One important result of the slowdown has been the pull-back by manufacturers of LCD TVs, particularly those to mature markets but all global sectors are being impacted (see this research from iSuppli). The concern is inventory levels; no one wants to be caught with too much inventory in the channel in a demand-sparse market. As a result, there is little price easing in LED backlighting, among other component pricing, because of the lack of economies of scale and order visibility. Unfortunately, the lack of component ASP reductions are keeping LCD TV pricing stable, further hurting the ability to sell in a demand-sparse market. The DisplaySearch research explains the LED share increase despite LCD TV demand weakening:
LED share increased from 18% of LCD TV shipments in Q2'10 to more than 43% in Q2'11, but still carries a 74% average premium across all sizes, though this is down from a 120%+ premium a year ago. Critical LED backlight cost breakthroughs have been slow to materialize.
Although the entire TV sector is seeing demand and sales weakness presently, there is continued growth to be had from the global replacement of CRT TVs for thinner and more energy efficient TVs (i.e., LCD, OLED, Plasma). With size, weight and always-on features necessary in the highly competitive and demand-rich SWD sector, the LED subsector is a critical component to these devices and to maintaining healthy balance sheets for supply chain partners.
The growing importance of Green Tech for semi
Lighting and displays could not be more central to electrical and electronic use today. Furthermore, everyone everywhere is concerned with their use and costs of energy. As a result of this energy efficiency awareness, components and devices that optimize energy efficiency are in the top demand category for the entire range of markets: residential, commercial, industrial and extending to municipalities and governments. Energy efficiency in our electrical use is being realized in lighting from LED improvements and with that increased LED adoption, there are favorable ASP declines.

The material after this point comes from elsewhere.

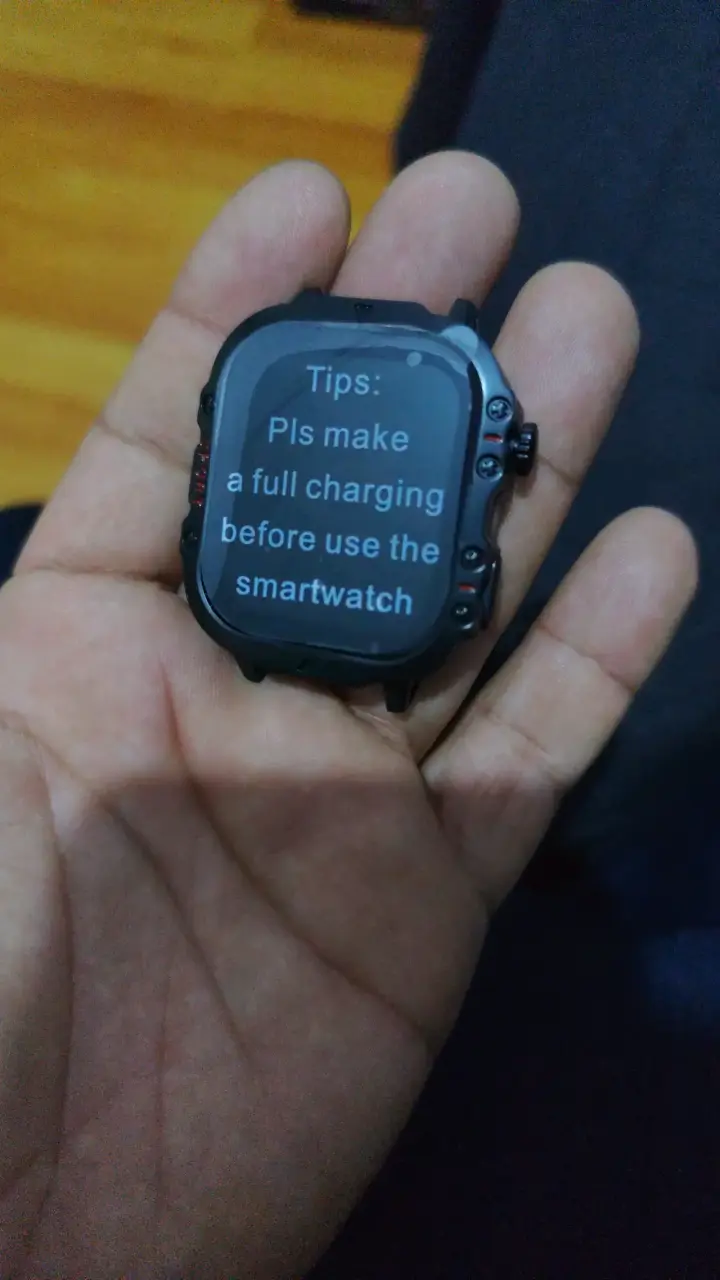 Smartwatch con correa negra y cargador - 3
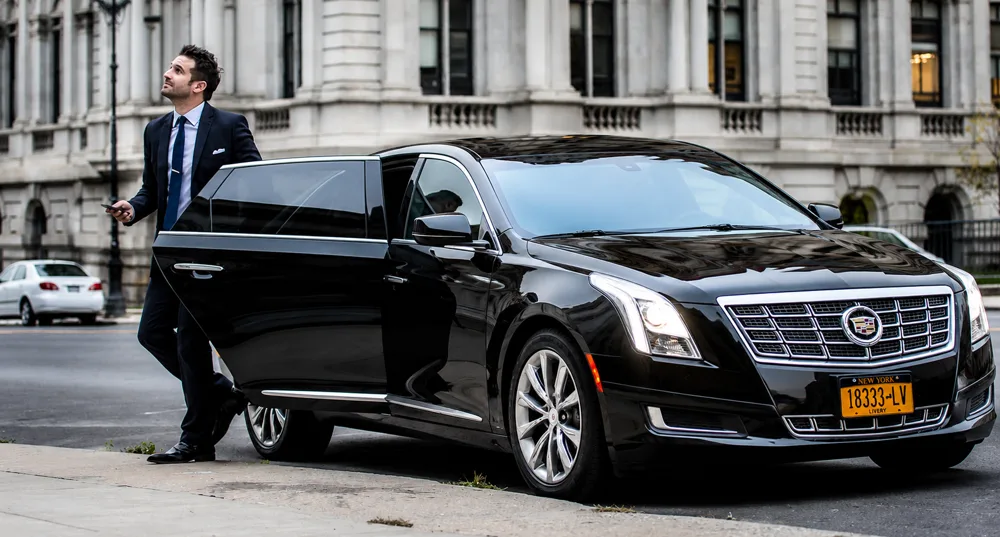 Professional chauffeur standing next to a sleek black SUV at Chicago O'Hare International Airport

The LED lighting sector is forecasted to see significant growth over the remainder of the decade because of the replacement of incandescent light bulbs and CFTs. LED lighting provides important cost savings through reduced electrical consumption without the heat emissions and with long-life spans per bulb. These energy efficient features are attracting demand from all market sectors. LED lighting is taking a foothold in the market because this solution addresses savings and environmental awareness demanded from businesses and local governments for outdoor lighting solutions and is quickly moving into the demand by residential customers to (easily) reduce their electrical consumption. The reasons for widespread interest in energy efficiency opportunities vary from simple cost-management to environmental impact reduction, but all paths to success are lit by the semiconductor industry.